I'm not sure why we check the pack-objects output here, is this just to
detect errors? Could we instead just check the exit status of
pack-objects, and discard the output?


> +
> +		/*
> +		 * pack-objects creates the .pack and .idx files, but not the
> +		 * .promisor file. Create the .promisor file, which is empty.
> +		 */
> +		write_special_file("promisor", "", NULL, binary, NULL);
> +	}
> +
> +	fclose(out);
> +	if (finish_command(&cmd))
> +		die(_("could not finish pack-objects to repack local links"));
> +	strbuf_release(&line);
> +}
> +
>  int cmd_index_pack(int argc,
>  		   const char **argv,
>  		   const char *prefix,
> @@ -1794,7 +1898,7 @@ int cmd_index_pack(int argc,
>  			} else if (skip_to_optional_arg(arg, "--keep", &keep_msg)) {
>  				; /* nothing to do */
>  			} else if (skip_to_optional_arg(arg, "--promisor", &promisor_msg)) {
> -				; /* already parsed */
> +				record_local_links = 1;
>  			} else if (starts_with(arg, "--threads=")) {
>  				char *end;
>  				nr_threads = strtoul(arg+10, &end, 0);
> @@ -1970,6 +2074,8 @@ int cmd_index_pack(int argc,
>  		free((void *) curr_index);
>  	free(curr_rev_index);
>  
> +	repack_local_links();
> +
>  	/*
>  	 * Let the caller know this pack is not self contained
>  	 */
> diff --git a/builtin/pack-objects.c b/builtin/pack-objects.c
> index e15fbaeb21..a565ab9b40 100644
> --- a/builtin/pack-objects.c
> +++ b/builtin/pack-objects.c
> @@ -4310,6 +4310,18 @@ static int option_parse_cruft_expiration(const struct option *opt UNUSED,
>  	return 0;
>  }
>  
> +static int should_include_obj(struct object *obj, void *data UNUSED)
> +{
> +	struct object_info info = OBJECT_INFO_INIT;
> +	if (oid_object_info_extended(the_repository, &obj->oid, &info, 0))

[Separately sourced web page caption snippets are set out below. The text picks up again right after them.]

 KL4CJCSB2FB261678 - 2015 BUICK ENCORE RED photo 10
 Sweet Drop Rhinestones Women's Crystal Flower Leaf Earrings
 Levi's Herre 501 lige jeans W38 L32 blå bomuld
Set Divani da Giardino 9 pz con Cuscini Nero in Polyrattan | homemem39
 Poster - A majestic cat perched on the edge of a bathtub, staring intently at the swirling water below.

> +		BUG("should_include_obj should only be called on existing objects");
> +	return info.whence != OI_PACKED || !info.u.packed.pack->pack_promisor;
> +}
> +
> +static int should_include(struct commit *commit, void *data) {
> +	return should_include_obj((struct object *) commit, data);
> +}
> +

Nit: these two functions could be named a bit more descriptively.

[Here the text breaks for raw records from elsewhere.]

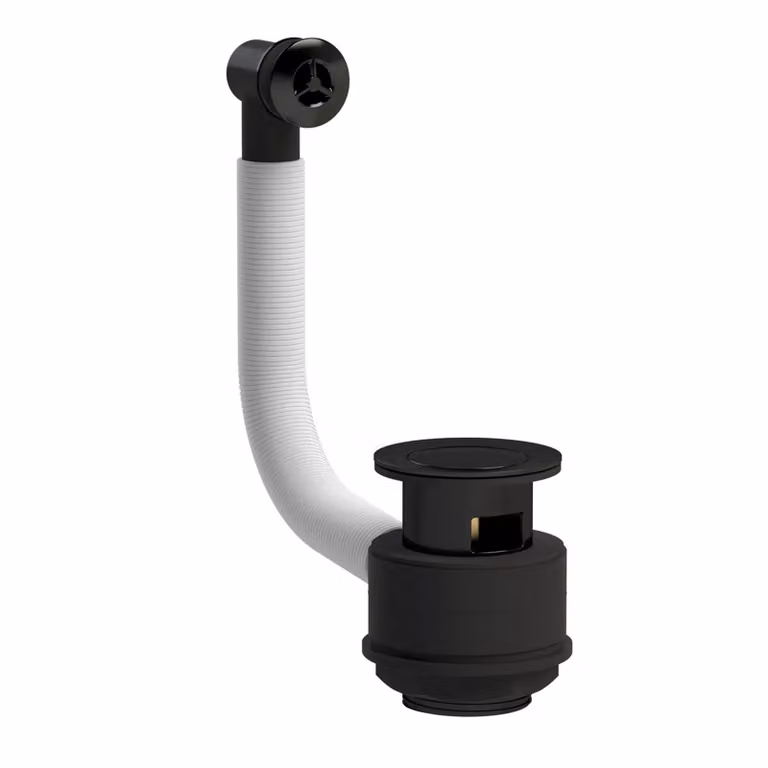 Nuie Matt Black Pop-Up Brass Basin Waste with Integrated Overflow Kit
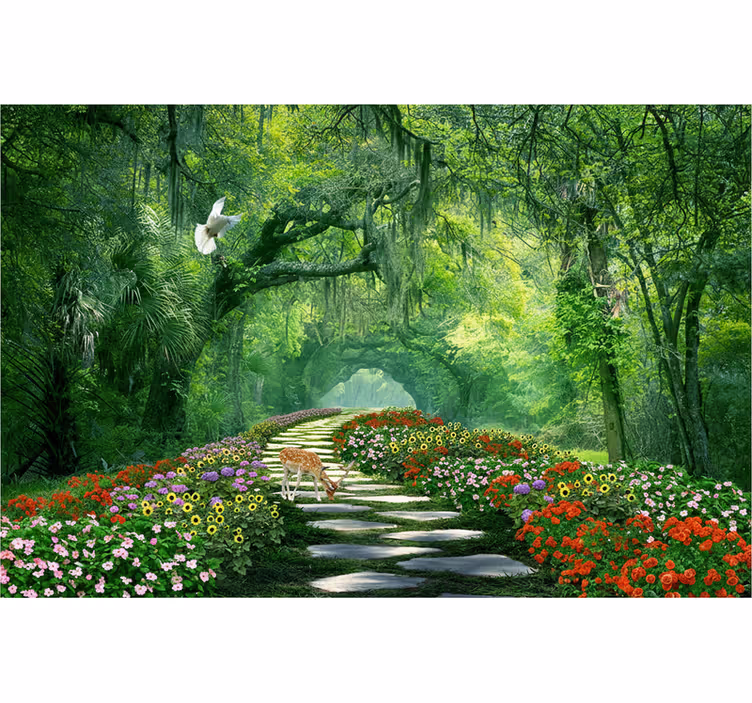 Forest wallpaper surreal woodland path - TenStickers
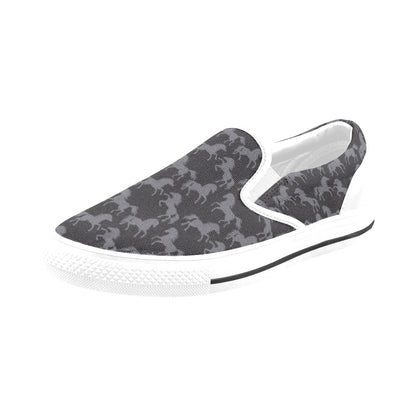 Horse Print Design LKS305 White Slip Ons Canvas Women's Shoes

>  int cmd_pack_objects(int argc,
>  		     const char **argv,
>  		     const char *prefix,
> @@ -4326,6 +4338,7 @@ int cmd_pack_objects(int argc,
>  	struct list_objects_filter_options filter_options =
>  		LIST_OBJECTS_FILTER_INIT;
>  	int exclude_promisor_objects = 0;
> +	int exclude_promisor_objects_best_effort = 0;
>  
>  	struct option pack_objects_options[] = {
>  		OPT_CALLBACK_F('q', "quiet", &progress, NULL,
> @@ -4423,6 +4436,9 @@ int cmd_pack_objects(int argc,
>  		  option_parse_missing_action),
>  		OPT_BOOL(0, "exclude-promisor-objects", &exclude_promisor_objects,
>  			 N_("do not pack objects in promisor packfiles")),
> +		OPT_BOOL(0, "exclude-promisor-objects-best-effort",
> +			 &exclude_promisor_objects_best_effort,
> +			 N_("implies --missing=allow-any")),
>  		OPT_BOOL(0, "delta-islands", &use_delta_islands,
>  			 N_("respect islands during delta compression")),
>  		OPT_STRING_LIST(0, "uri-protocol", &uri_protocols,
> @@ -4503,10 +4519,18 @@ int cmd_pack_objects(int argc,
>  		strvec_push(&rp, "--unpacked");
>  	}
>  
> +	if (exclude_promisor_objects && exclude_promisor_objects_best_effort)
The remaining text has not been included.